Tuesday, October 04, 2005

Miers Psyops

Armondo at dKos has a useful insight:
I think that there is, in some quarters, a fundamental misunderstanding of the Right Wing response to President Bush's nomination of Harriet Miers. It is not that they know that Miers is not one of them -- it is that they do not know if she is or is not.
I don't know if this was Harry Reid's play all along when he gave Shrub the thumbs up on Miers. But the uncertainty in Wingnuttia presents us with a terrific opportunity. Because the more we (appear to) embrace her, the more convinced the now-frightened social conservatives will become that Bush sold them out.
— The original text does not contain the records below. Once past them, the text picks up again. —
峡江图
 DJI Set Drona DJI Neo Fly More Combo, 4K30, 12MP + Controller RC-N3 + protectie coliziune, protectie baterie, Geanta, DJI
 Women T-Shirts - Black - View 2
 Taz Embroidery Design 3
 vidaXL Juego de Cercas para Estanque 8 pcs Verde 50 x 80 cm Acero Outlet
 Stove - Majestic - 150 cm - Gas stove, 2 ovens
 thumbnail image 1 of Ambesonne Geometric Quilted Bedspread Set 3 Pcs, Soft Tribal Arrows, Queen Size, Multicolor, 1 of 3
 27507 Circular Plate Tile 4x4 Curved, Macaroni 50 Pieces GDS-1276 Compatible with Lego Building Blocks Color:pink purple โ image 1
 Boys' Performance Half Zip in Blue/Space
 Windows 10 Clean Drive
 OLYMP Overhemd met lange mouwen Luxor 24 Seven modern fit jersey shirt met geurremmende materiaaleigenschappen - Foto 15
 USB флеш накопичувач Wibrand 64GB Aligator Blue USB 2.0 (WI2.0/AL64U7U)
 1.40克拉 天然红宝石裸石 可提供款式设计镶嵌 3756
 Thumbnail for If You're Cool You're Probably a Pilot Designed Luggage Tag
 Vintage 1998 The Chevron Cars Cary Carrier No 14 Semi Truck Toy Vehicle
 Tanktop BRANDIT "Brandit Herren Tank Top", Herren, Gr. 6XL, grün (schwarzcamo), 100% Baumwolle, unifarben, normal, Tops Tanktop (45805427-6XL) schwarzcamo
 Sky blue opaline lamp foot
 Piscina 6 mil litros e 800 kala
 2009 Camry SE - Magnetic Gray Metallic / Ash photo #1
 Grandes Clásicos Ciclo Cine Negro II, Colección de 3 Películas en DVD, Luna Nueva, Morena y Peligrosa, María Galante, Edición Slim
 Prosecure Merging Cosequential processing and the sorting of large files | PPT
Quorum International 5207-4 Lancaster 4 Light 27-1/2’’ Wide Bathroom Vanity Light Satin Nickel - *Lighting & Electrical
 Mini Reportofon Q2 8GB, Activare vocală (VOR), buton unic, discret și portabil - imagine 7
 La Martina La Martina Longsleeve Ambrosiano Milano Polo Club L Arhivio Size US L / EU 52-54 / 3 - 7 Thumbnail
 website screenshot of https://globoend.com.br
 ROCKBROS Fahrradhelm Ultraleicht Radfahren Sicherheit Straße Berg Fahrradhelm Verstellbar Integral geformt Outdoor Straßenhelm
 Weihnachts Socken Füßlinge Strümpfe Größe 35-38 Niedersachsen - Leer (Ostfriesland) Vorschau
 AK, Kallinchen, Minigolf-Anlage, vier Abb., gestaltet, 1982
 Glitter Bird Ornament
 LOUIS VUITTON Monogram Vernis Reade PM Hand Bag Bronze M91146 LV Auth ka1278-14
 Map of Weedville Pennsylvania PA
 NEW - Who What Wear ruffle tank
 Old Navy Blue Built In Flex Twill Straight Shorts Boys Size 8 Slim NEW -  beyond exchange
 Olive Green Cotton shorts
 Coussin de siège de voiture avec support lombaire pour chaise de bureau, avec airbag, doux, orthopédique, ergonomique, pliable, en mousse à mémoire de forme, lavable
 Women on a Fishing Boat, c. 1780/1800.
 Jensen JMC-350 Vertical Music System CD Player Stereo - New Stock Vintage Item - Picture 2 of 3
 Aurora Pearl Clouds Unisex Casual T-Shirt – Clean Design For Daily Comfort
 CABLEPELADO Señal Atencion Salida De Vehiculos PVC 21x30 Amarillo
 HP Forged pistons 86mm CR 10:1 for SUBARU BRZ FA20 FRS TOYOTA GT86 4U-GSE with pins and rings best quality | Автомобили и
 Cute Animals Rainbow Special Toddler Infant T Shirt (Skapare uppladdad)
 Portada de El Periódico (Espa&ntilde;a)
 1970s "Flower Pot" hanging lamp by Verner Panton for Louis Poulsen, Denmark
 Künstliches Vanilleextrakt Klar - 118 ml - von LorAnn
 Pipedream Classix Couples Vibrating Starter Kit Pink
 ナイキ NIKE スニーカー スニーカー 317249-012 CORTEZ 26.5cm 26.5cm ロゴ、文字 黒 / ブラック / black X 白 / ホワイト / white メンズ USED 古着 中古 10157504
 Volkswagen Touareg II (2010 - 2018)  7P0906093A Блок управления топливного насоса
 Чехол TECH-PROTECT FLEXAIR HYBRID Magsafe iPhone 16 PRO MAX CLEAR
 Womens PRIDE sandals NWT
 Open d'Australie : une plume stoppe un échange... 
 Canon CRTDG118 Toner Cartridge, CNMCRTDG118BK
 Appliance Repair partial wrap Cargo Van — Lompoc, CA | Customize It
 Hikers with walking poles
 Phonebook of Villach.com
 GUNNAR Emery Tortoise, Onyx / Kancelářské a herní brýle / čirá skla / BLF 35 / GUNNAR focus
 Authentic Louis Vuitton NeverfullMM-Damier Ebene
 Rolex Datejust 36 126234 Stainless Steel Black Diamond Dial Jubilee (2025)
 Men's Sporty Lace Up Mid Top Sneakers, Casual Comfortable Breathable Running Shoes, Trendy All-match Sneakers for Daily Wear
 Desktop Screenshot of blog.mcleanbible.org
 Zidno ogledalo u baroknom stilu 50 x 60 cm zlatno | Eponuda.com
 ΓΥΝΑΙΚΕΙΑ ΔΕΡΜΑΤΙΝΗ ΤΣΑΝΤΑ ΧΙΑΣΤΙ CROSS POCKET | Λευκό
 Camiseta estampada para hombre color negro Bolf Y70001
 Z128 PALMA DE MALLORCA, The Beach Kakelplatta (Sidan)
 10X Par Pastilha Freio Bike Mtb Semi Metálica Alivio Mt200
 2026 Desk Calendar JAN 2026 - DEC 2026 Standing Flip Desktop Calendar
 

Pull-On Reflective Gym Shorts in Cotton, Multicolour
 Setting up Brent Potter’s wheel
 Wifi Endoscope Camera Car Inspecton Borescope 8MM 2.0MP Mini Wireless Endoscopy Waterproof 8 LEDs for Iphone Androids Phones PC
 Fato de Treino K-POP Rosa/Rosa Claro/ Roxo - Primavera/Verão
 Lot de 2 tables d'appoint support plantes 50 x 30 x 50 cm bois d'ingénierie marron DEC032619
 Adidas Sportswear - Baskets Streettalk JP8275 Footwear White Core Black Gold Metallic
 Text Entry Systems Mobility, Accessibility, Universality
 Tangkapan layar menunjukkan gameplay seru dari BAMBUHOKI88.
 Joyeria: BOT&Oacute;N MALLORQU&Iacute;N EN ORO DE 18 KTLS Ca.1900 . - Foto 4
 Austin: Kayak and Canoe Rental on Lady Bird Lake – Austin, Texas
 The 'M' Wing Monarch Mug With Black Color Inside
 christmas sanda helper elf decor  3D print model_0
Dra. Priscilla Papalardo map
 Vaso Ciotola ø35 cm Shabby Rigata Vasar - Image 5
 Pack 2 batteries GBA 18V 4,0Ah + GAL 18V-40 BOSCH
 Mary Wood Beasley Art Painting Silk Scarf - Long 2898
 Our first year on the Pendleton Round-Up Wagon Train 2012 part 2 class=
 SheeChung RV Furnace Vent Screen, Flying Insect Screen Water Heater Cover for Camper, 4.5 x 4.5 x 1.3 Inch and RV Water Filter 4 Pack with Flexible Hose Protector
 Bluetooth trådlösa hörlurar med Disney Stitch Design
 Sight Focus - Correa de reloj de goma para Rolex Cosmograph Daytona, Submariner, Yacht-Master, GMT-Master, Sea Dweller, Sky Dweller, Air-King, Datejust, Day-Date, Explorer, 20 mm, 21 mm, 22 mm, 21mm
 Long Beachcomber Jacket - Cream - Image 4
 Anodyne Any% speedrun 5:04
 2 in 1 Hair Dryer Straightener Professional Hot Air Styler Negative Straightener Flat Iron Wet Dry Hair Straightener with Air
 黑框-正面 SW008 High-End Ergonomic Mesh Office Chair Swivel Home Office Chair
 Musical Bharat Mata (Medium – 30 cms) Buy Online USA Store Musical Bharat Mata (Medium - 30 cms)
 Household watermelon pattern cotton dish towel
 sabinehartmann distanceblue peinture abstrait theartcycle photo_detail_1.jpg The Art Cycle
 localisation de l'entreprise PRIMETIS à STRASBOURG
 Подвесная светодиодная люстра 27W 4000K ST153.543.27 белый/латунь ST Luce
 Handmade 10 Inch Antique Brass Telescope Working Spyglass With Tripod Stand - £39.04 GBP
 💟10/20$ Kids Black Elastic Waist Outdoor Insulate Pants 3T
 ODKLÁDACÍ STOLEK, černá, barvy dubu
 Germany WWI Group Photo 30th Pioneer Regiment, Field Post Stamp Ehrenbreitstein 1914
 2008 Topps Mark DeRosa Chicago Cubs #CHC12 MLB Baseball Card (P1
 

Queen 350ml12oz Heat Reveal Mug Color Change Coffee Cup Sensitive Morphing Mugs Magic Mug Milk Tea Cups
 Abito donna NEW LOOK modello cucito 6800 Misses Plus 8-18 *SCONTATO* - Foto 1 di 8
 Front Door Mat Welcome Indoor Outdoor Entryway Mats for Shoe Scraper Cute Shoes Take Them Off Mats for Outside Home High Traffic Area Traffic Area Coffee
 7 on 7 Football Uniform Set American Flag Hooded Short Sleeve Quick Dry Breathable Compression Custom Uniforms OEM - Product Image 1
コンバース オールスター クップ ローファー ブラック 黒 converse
I am appalled, of course, at the cronyism. But compar here to the choices we could have gotten -- Janice Rodgers Brown, Priscilla Owen, etc. -- and she doesn't seem so awful. No way I would filibuster Miers based on what we know so far. And once you take the filibuster off the table, the obvious tactic is to embrace her.

Think about the upside. At a minimum, it puts a sledgehamer to the wedge between the crony conservatives and their religous enablers. Helping to sour that relationship could pay huge dividends in 2006 and beyond.

And if we are really effective, as Billmon noted, we could be treated to the epochal pleasure of seeing the Republicans filibustering their own nominee. Nothing else I can imagine (short of a blockbuster from Patrick Fitzgerald) would do more to hasten the end of this reign of error.